Hillary Clinton may not win the primary battle in Georgia this Tuesday, but she could win the war come November.
That was the message from Georgia Agriculture Commissioner Tommy Irvin as he addressed a sparse turnout of Clinton supporters Saturday at the Hunt Tower in downtown Gainesville. Irvin, Georgia’s longest-serving statewide elected official, is campaigning for the Democratic senator from New York as at least two polls show her primary opponent, Barack Obama, with a double-digit lead in Georgia.
A poll from Public Policy Polling had Clinton trailing Obama, 41 percent to 51 percent, while Insider Advantage showed Obama with a much larger margin, 52 percent to 36 percent. Both polls were taken Wednesday.

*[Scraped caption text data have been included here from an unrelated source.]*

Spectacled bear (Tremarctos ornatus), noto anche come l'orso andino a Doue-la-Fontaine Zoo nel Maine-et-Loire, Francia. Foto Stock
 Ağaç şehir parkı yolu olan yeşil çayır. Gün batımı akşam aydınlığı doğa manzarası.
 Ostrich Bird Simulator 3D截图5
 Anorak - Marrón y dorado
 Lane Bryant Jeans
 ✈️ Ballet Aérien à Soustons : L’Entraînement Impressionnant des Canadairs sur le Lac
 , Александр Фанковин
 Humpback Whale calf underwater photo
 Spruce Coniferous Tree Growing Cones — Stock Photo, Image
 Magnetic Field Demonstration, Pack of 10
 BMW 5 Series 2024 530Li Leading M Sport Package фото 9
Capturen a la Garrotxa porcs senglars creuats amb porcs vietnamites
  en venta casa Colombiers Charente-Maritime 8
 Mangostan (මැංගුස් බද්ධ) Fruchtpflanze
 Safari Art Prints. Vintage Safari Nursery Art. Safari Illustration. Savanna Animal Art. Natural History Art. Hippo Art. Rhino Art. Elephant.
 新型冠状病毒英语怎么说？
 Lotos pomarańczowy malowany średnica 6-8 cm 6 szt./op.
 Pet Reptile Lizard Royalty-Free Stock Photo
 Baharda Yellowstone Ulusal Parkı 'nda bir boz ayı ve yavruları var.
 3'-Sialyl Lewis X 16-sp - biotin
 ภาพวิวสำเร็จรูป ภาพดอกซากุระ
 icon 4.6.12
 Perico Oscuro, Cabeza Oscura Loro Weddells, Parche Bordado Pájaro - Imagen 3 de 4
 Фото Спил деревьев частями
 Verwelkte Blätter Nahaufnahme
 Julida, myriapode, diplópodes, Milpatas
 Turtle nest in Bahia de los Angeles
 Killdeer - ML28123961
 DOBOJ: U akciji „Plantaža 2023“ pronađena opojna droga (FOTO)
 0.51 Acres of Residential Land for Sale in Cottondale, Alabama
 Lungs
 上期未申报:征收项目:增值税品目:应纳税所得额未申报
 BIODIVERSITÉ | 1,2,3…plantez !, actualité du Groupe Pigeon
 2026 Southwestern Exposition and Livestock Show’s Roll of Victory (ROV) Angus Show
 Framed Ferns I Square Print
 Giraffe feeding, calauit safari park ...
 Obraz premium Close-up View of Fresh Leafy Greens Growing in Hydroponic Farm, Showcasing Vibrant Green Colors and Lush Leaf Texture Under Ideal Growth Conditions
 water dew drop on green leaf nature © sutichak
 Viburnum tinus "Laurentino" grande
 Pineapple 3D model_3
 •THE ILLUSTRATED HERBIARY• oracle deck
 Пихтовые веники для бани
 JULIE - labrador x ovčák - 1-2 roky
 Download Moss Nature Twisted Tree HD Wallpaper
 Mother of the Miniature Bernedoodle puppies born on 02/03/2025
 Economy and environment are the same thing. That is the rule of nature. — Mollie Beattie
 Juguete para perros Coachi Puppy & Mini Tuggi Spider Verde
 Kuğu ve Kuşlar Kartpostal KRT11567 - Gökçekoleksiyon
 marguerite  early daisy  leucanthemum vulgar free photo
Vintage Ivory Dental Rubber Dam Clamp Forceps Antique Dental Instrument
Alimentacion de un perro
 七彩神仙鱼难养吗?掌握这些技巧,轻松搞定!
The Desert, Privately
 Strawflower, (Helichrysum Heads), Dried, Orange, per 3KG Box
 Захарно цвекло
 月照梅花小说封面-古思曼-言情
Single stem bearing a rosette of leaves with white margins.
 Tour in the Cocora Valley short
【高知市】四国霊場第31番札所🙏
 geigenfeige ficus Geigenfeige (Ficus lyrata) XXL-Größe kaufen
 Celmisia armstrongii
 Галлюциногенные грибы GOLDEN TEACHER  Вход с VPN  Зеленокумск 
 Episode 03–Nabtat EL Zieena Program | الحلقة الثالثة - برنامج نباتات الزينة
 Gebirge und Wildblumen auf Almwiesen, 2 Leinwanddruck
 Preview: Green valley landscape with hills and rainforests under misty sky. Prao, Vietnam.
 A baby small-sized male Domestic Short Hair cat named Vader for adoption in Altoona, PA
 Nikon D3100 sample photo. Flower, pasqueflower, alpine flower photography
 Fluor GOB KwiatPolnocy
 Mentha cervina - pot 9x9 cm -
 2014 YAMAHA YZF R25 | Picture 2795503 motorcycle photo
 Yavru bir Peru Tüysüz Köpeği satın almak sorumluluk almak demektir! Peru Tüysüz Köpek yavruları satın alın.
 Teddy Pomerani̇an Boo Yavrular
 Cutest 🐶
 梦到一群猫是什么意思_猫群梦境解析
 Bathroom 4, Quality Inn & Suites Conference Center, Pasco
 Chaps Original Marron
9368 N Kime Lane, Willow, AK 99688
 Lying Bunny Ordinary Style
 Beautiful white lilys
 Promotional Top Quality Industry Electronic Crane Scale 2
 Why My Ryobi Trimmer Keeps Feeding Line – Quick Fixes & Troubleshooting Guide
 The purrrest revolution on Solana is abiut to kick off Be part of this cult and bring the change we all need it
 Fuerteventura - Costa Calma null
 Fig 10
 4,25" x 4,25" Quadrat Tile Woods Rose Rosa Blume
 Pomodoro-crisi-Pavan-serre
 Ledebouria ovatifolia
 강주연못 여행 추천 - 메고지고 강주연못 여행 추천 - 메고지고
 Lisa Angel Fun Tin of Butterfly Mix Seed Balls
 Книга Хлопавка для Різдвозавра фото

"I’m not naive," Irvin said. "Georgia’s going to be a hard take. We may not win the most votes in the election this coming week, but I think whether we do or not, we’ve got a good chance if we work hard of winning in November. Because I don’t think there’s any doubt that she’s going to be nominated as our candidate for president of the United States."
Only about a dozen people showed up at Saturday’s event, held in a county that is heavily Republican. Several active members of the Hall Democratic party were absent.
Gainesville attorney Joe Diaz, a local leader for the Clinton campaign, said Saturday’s low turnout could be blamed on scheduling confusion. The event was in doubt after the originally scheduled speaker, former presidential candidate Gen. Wesley Clark, was unable to appear.
"Really, it was spread by word of mouth more than anything," Diaz said.
Diaz doesn’t think an Obama primary victory in Georgia is a given. He points to several well-attended rallies in Georgia this week featuring either Hillary Clinton or former President Bill Clinton, including the Democratic Party’s Jefferson-Jackson Dinner held Wednesday in Atlanta.
"They say (Obama’s) got a lead and we’ll see," Diaz said. "I think Sen. Clinton made a lot of headway here this week. It seems (Obama’s) taken the state a little bit for granted by not showing up at the Democratic event on Wednesday. We’ll just have to see how it plays out."
Those who did attend Saturday’s gathering are firmly behind Clinton.
"We certainly think she’s the best qualified for the job," said Dwight Kilby, a Flowery Branch surveyor. "We do believe she’s absolutely the smartest candidate running. And we know she has a track record, and so does her husband, so we know what we’re getting with the Clintons, and we think it’s going to be good for our country."